Thread: Cost model improvement for run-time partition prune

Cost model improvement for run-time partition prune

From
Andy Fan
Date:
Currently the cost model ignores the initial partition prune and run time
partition prune totally. This impacts includes: 1). The cost of Nest Loop path
is highly overrated. 2). And the rows estimator can be very wrong as well some
time. We can use the following cases to demonstrate.

CREATE TABLE p (c_type INT, v INT) partition by list(c_type);
SELECT 'create table p_'|| i || ' partition of p for values in ('|| i|| ');'
from generate_series(1, 100) i; \gexec
SELECT 'insert into p select ' || i ||', v from generate_series(1, 1000000) v;'
from generate_series(1, 100) i; \gexec
ANALYZE P;
CREATE INDEX on p(v);

Case 1: 

PREPARE s AS
SELECT * FROM generate_series(1, 10) i JOIN p ON i = p.v;
EXPLAIN execute s;

postgres=# EXPLAIN  execute s;
                                     QUERY PLAN
-------------------------------------------------------------------------------------
 Nested Loop  (cost=0.43..8457.60 rows=1029 width=12)
   ->  Function Scan on generate_series i  (cost=0.00..0.10 rows=10 width=4)
   ->  Append  (cost=0.42..844.75 rows=100 width=8)
         ->  Index Scan using p_1_v_idx on p_1  (cost=0.42..8.44 rows=1 width=8)
               Index Cond: (v = i.i)
         ->  Index Scan using p_2_v_idx on p_2  (cost=0.42..8.44 rows=1 width=8)
               Index Cond: (v = i.i)
         ->  Index Scan using p_3_v_idx on p_3  (cost=0.42..8.44 rows=1 width=8)
               Index Cond: (v = i.i)

         ...

We can see the cost/rows of Append Path is highly overrated. (the rows should be 1
rather than 100,  cost should be 8.44  rather than 844). 

Case 2: 
PREPARE s2 AS
SELECT * FROM p a JOIN p b ON a.v = b.v and a.c_type = $1 and a.v < 10;
EXPLAIN execute s2(3);

postgres=# EXPLAIN execute s2(3);
                                           QUERY PLAN
-------------------------------------------------------------------------------------------------
 Gather  (cost=1000.85..5329.91 rows=926 width=16)
   Workers Planned: 1
   ->  Nested Loop  (cost=0.85..4237.31 rows=545 width=16)
         ->  Parallel Index Scan using p_3_v_idx on p_3 a  (cost=0.42..8.56 rows=5 width=8)
               Index Cond: (v < 10)
               Filter: (c_type = 3)
         ->  Append  (cost=0.42..844.75 rows=100 width=8)
               ->  Index Scan using p_1_v_idx on p_1 b_1  (cost=0.42..8.44 rows=1 width=8)
                     Index Cond: (v = a.v)
               ->  Index Scan using p_2_v_idx on p_2 b_2  (cost=0.42..8.44 rows=1 width=8)
                     Index Cond: (v = a.v)
               ...

set plan_cache_mode = force_generic_plan;
EXPLAIN ANALYZE execute s2(3);

                                             QUERY PLAN
----------------------------------------------------------------------------------------------------
 Gather  (cost=1000.85..312162.57 rows=93085 width=16)
   Workers Planned: 2
   ->  Nested Loop  (cost=0.85..301854.07 rows=38785 width=16)
         ->  Parallel Append  (cost=0.42..857.94 rows=400 width=8)
               Subplans Removed: 99
               ->  Parallel Index Scan using p_3_v_idx on p_3 a_1  (cost=0.42..8.56 rows=5 width=8)
                     Index Cond: (v < 10)
                     Filter: (c_type = $1)
         ->  Append  (cost=0.42..751.49 rows=100 width=8)
             ...

We can see the rows for Gather node changed from 926 to 93085, while the actual
rows is 900 rows.
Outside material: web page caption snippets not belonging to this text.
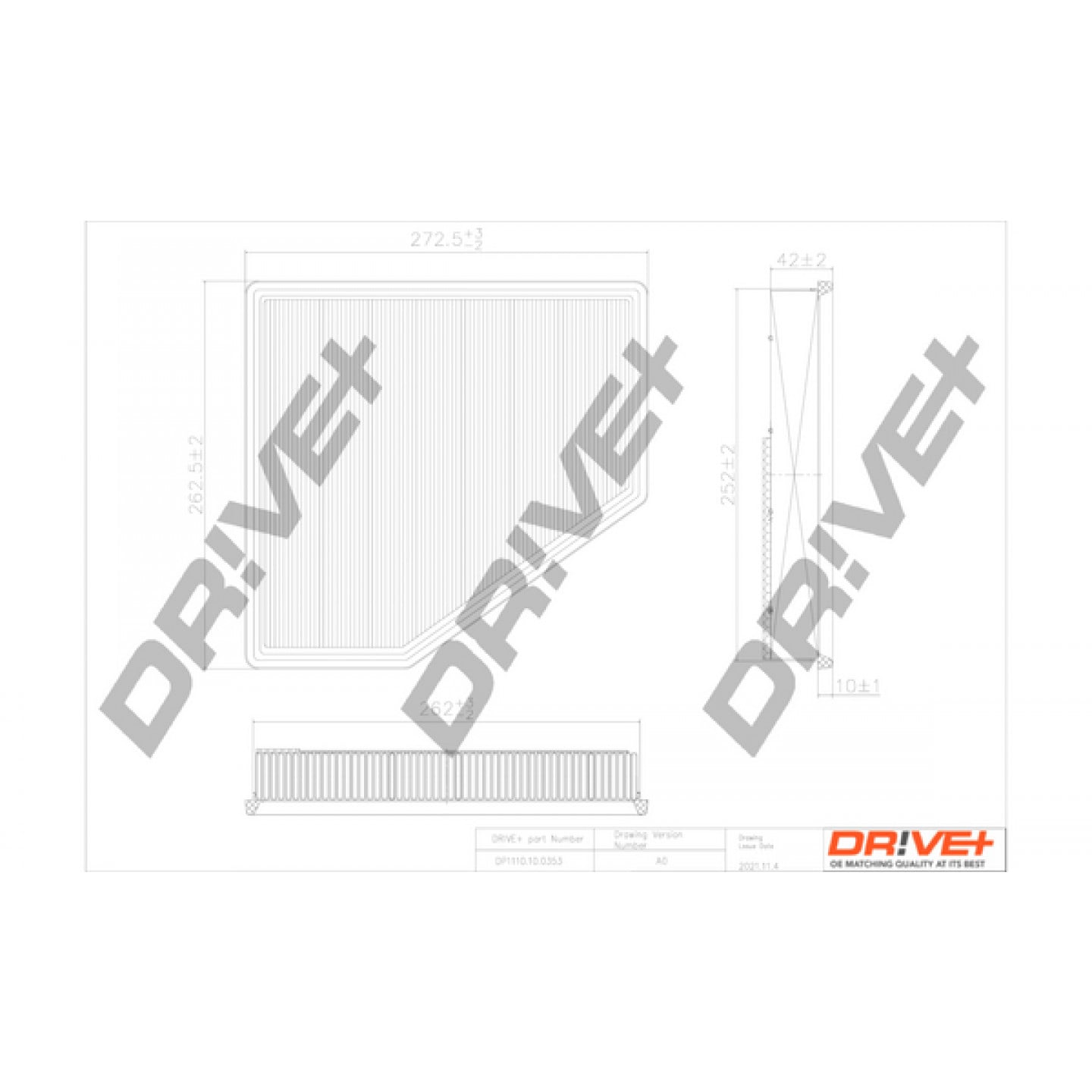 Luchtfilter Dr!ve+ DP1110.10.0353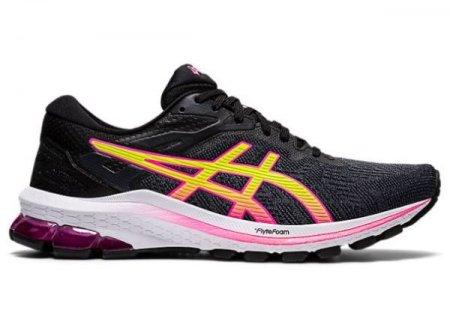 ASICS | WOMEN'S GT-1000 10 - Black/Hot Pink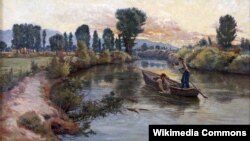 Лорас Бішап Прэт, «Рыбалка на рацэ Кэш» (1901).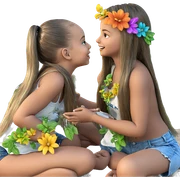 bonded by nature's beauty sticker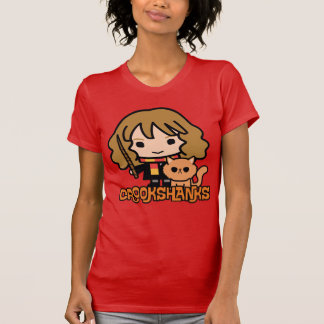 Cartoon Hermione und Crookshanks T-Shirt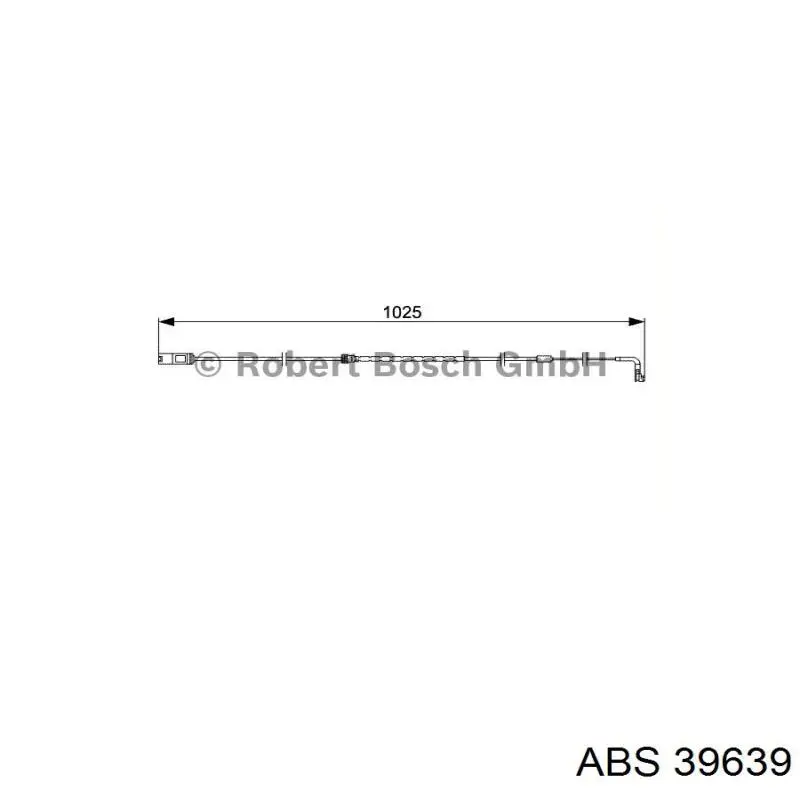 Датчик зносу гальмівних колодок, задній ABS 39639 ціна, від 6.87 USD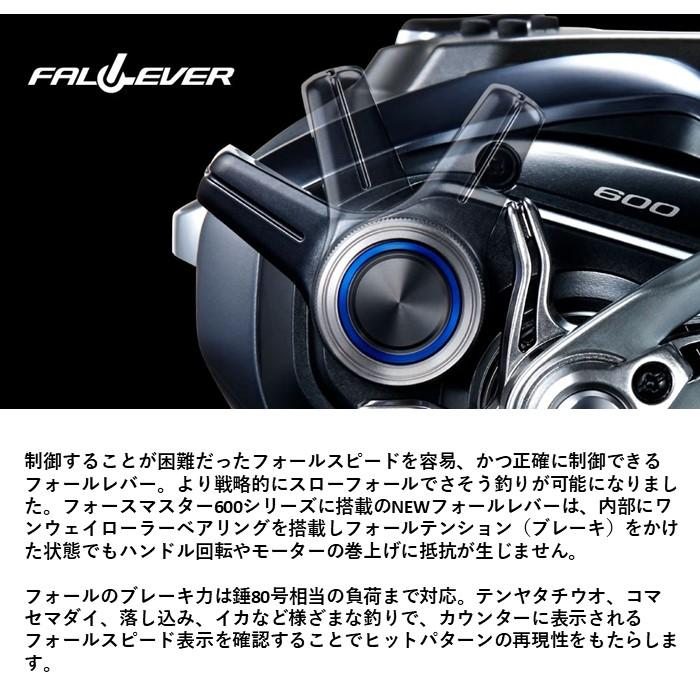 23 フォースマスター 600(右巻き・シングルハンドル) PE1.5号 23 フォースマスター 600(右巻き・シングルハンドル) PE1.5号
The reason for case 2 is because we adjust the rel->tuples for
plan time partition prune, but we did nothing for initial partition prune. I would like to
aim to fix both of the issues.

The scope I want to cover at the first stage are
1. Only support limited operators like '=',  'in', 'partkey = $1 OR partkey =
   $2'; which means the operators like '>', '<', 'BETWEEN .. AND ' are not
   supported.
2. Only supporting all the partition keys are used in prune quals. for example,
   if we have partkey (p1, p2). but user just have p1 = $1 in the quals.
3. All the other cases should be supported.

The reason I put some limits above is because 1). they are not common. 2). there
are no way to guess the reasonable ratio.

The design principle are:
1). Adjust the AppendPath's cost and rows for both initial partition prune and
run time partition prune in cost_append.  The ratio is just 1/nparts for all the
supported case, even for partkey in ($1, $2, $3).

2). Adjust rel->tuples for initial partition prune only.
3). Use the adjusted AppendPath's cost/rows for sub-partitioned case, around the
cases accumulate_append_subpath.

I have implemented this for 1-level partition and 1 partition key only at [1],
and I have tested it on my real user case, looks the algorithm works great. I am
planning to implement the full version recently.  Any suggestion for the
design/scope part?



--
Best Regards